Don't give up on him yet - it's not his fault; hormones are driving him bonkers. Book him in for a neuter, and I believe he'll become calmer once the hormones have settled (4-6 weeks).
 
My Fiver was exactly the same. The problem was that I was shutting him in a tiny 4ft cage every night and he was so frustrated that he would bar bite all night and then be really naughty when I let him out. You need a bigger space for him to go into at night, as others have mentioned.
Unfortunately rabbits chew. That's a reality you can't change. My rabbits free range in my bedroom and everything has been chewed to the point where I have had to put plastic corners on everything. They have even chewed my carpet, my door and my bedding. This is just something you get used to. Everything needs rabbit proofing properly otherwise you will never be able to relax.

As for behaviour and ways to bond with him, check out this link: rabbitspeak.co.uk - I think that's right!

Stick with him. It's not his fault. He's a rabbit and he's just doing what rabbits do.
 
He does have an run attachment to his cage, which it the most frustrating part. It's about a 5 by 6 space - he did originally have a smaller one, but we made it larger for him, but he still choses to chew his bars. He didn't when we first got him, it's only a recent thing over the last month. Besides skirtingboards, rubber door steps and wires, he isn't interested in chewing anything rabbit friendly.

We haven't had him long, we got him in Nov last year. He just doesn't want to know us full stop. He's quite content with constantly kicking at us as he walks away. I went through weeks of back pain sitting on the floor feeding him :S to no avail. He's happy to take food, but he'll kick while he walks off with it and runs away whenever you get near him.

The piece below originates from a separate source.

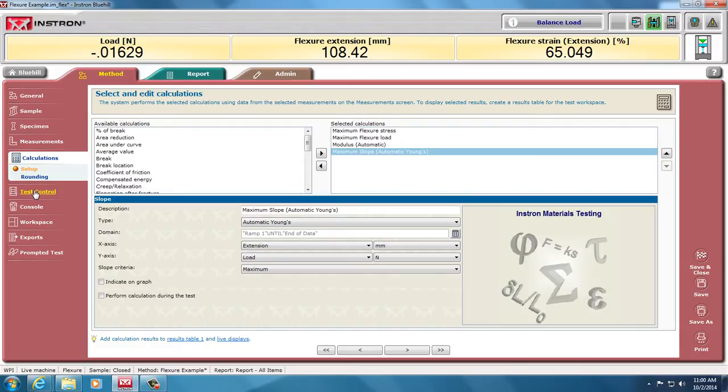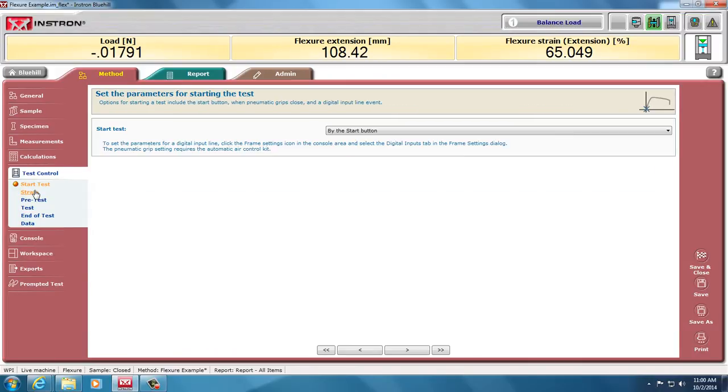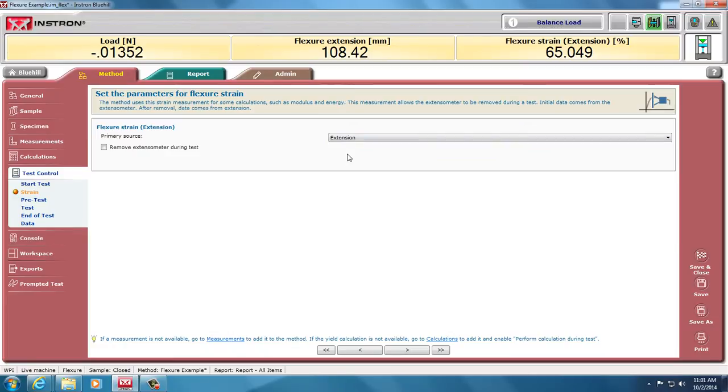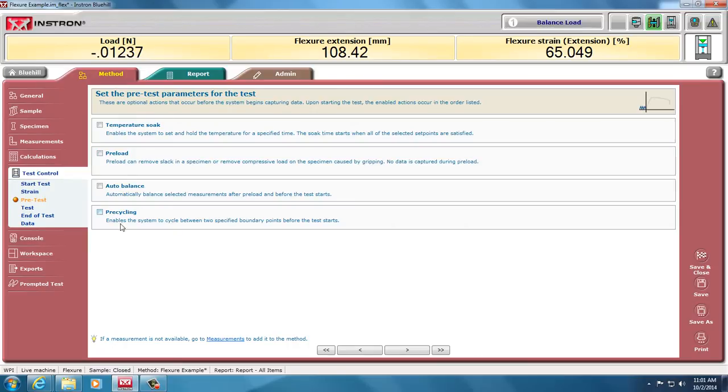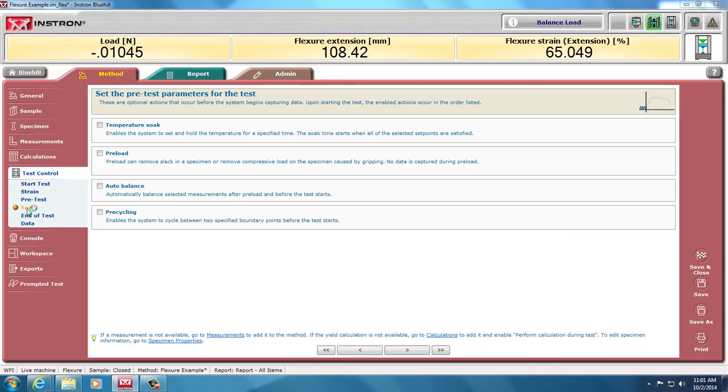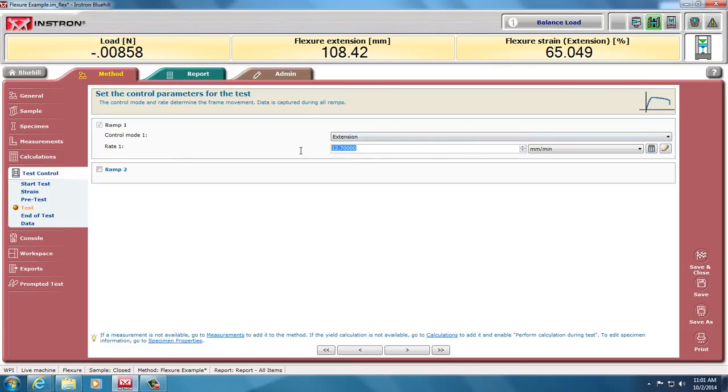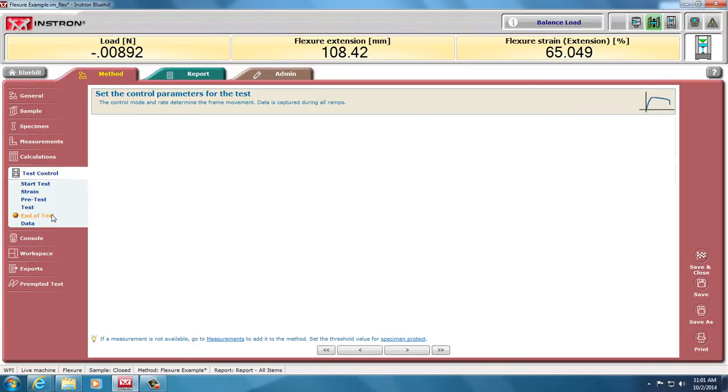It's the same as for any type of test. Then our test control is going to be very similar to uniaxial. I'm going to start it with a start button. My strain is going to be based on the extension. We could be using extensometers or deflectometers. In four-point bending, they suggest using a deflectometer. But in three-point bending, extension should be fine. Pre-testing is very similar to uniaxial. Also, we can do a preload, auto-balance, and pre-cycling. And the test is where flexure is going to be somewhat different than, and the end of test different than a uniaxial test. Here we'll just use extension millimeters per minute. I'm going to put that to 100.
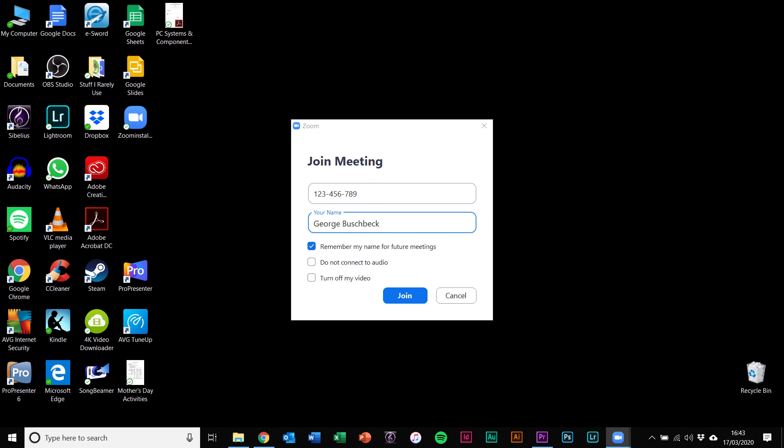Whoever's leading your meeting should have access to that ID and will send it around just before the meeting starts. Type that in, make sure that your name is recognizable, and click join. It's as simple as that.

He is so loud that neighbours have started to ask questions, being rented, we have the risk of them complaining to our landlord.
 
Do you give him a litter tray filled with hay to chew as this tends to calm hyper rabbits down. Being grazing animals they need a certain amount of time each day munching on hay/grass. He should quieten down when neutered so I would have this done asap.
 
My guy is 2 now but the first 8 months were really really tough, he's fulltime house bun and he pee'd on everything and anything over and over again, he's not a big chewer fortunately he did however have a go at most of the wires (only when a current was going through them! - Why!) in the house, I just had to get creative in hiding them, but he did mark his territory thats for sure! hang in there, it will be worth it. :)
 
Oh this post brings back memories!! I have a male house bunny since he was about 4 months old (4.5 now). There was nothing he didn't chew, wallpaper, skirting boards, cables and the corners of my sofa! I was always told never to shout at him but saying no in a firm voice usually stopped him in his tracks. As soon as you see him chewing say no then distract him with toys etc. Gradually this seemed to do the trick for Roary and he knows the word no now! I think rabbits learn better by rewards so give him little treats when he's good. I've also heard of people clicker training bunnies, takes a lot of patience but might be worth a try?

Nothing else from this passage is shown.